How to optimize Linq query with large number of records?

Please help me to optimize the below code. I have tried different methods but I am not getting a significant performance improvement. There are around 30k entries in database and it's taking around 1 min to load in local.

var alarms = from healthIssue in _context.HealthIssues.AsNoTracking()
                         join asset in _context.Assets.AsNoTracking() on healthIssue.AssetNumber equals asset.SerialNumber into joinedTable
                         from data in joinedTable.DefaultIfEmpty()
                         select new
                         {
                             ID = healthIssue.ID,
                             AssetNumber = healthIssue.AssetNumber,                                                         
                             AlarmName = healthIssue.AlarmName, 
                             Crew = data.Crew,                           
                         };
//alarmsViewModelList count is 30k  
var alarmsViewModelList = await alarms.ToListAsync();
//groupedData count = 12k 
var groupedData = alarmsViewModelList.Select(c => new { c.AssetNumber,c.AlarmName}).Distinct().ToList();
// filteralarms' count = 20k 
var filteralarms = (alarmsViewModelList.Where(c => c.AlarmSeverityLevel != AlarmSeverityLevel.Unknown).ToList());
for (int j = 0; j < groupedData.Count; j++)
{
    var alarm = groupedData[j];
    //The line is actually slowing the code.
    var alarmlist = filteralarms.AsEnumerable().Where(c => c.AlarmName == alarm.AlarmName && c.AssetNumber == alarm.AssetNumber
                            ).Select
                            (c => new
                            {
                                HealthIssueID = c.ID,
                                AlarmLastUpdateDateTime = DateTimeHelpers.FromEpochSecondsUTC(c.AlarmLastUpdatedTime),
                                AlarmSeverityLevel = c.AlarmSeverityLevel,
                                
                            }).OrderByDescending(c =>c.AlarmLastUpdateDateTime).ToList();
    int alarmCount = alarmlist.Count;
    if (alarmCount > 1)
    {
        businessLogicFunction(alarmlist); 
    }

}

Upvotes: 4

Views: 1834

Answers (11)

Ben L
Ben L

Reputation: 744

If you populate a dictionary with the keys being the predicate values concatenated and the value being the selected alarm properties you should be able to do much better.

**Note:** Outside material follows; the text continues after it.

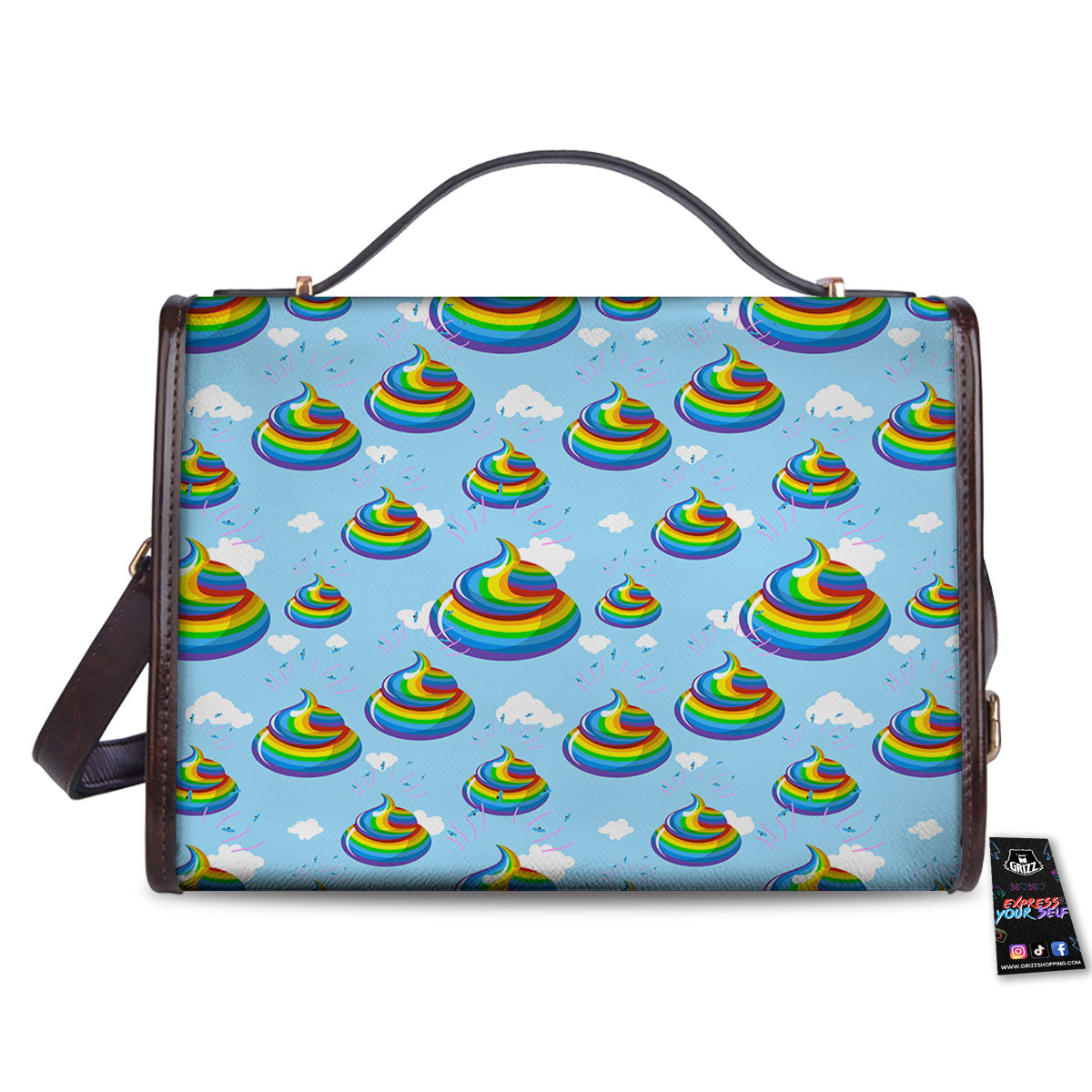 Poop Rainbow Print Pattern Women's Satchel Bag - Image 2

var alarms = from healthIssue in _context.HealthIssues.AsNoTracking()
                     join asset in _context.Assets.AsNoTracking() on healthIssue.AssetNumber equals asset.SerialNumber into joinedTable
                     from data in joinedTable.DefaultIfEmpty()
                     select new
                     {
                         ID = healthIssue.ID,
                         AssetNumber = healthIssue.AssetNumber,                                                         
                         AlarmName = healthIssue.AlarmName, 
                         Crew = data.Crew,                           
                     };

//alarmsViewModelList count is 30k  
var alarmsViewModelList = await alarms.ToListAsync();
//groupedData count = 12k 
var groupedData = alarmsViewModelList
  .Select(c => new { c.AssetNumber,c.AlarmName})
  .Distinct()
  .ToList();
// filteralarms' count = 20k 
var filteralarms = alarmsViewModelList
 .Where(c => c.AlarmSeverityLevel != AlarmSeverityLevel.Unknown).ToList();

//populate an in memory dictionary with a key that is the where clause predicate
var alarmDict = new Dictioanry<string, Alarm>();
foreach (var c in filterAlarms) {
  var key = c.AlarmName+"|"+c.AssetNumber;
    if (!alarmDict.TryGetValue(key, out var list)) {
      alarmDict[key] = new List<Alarm>();
    }
    var alarm = new { 
      HealthIssueID = c.ID,
      AlarmLastUpdateDateTime = DateTimeHelpers.FromEpochSecondsUTC(c.AlarmLastUpdatedTime), 
      AlarmSeverityLevel = c.AlarmSeverityLevel};
      
  alarmDict[key].Add(alarm);
}

for (int j = 0; j < groupedData.Count; j++)
{
  var alarm = groupedData[j];
  //use dictionary for faster results. building the dictionary is now the more expensive operation
  var key = alarm.AlarmName+"|"+alarm.AssetNumber;
  if (alarmDict.TryGetValue(key, out var alarms)) {
    var alarmlist = alarms
      .OrderByDescending(c => c.AlarmLastUpdateDateTime)
      .ToList();
      
    int alarmCount = alarmlist.Count;
    if (alarmCount > 1)
    {
       businessLogicFunction(alarmlist); 
    }
  }
}

Upvotes: 0

dbc
dbc

Reputation: 116785

You are creating two lists derived from alarmsViewModelList:

  1. groupedData which are the distinct values of { alarm.AssetNumber, alarm.AlarmName }
  2. filteralarms which are all alarms with AlarmSeverityLevel != AlarmSeverityLevel.Unknown.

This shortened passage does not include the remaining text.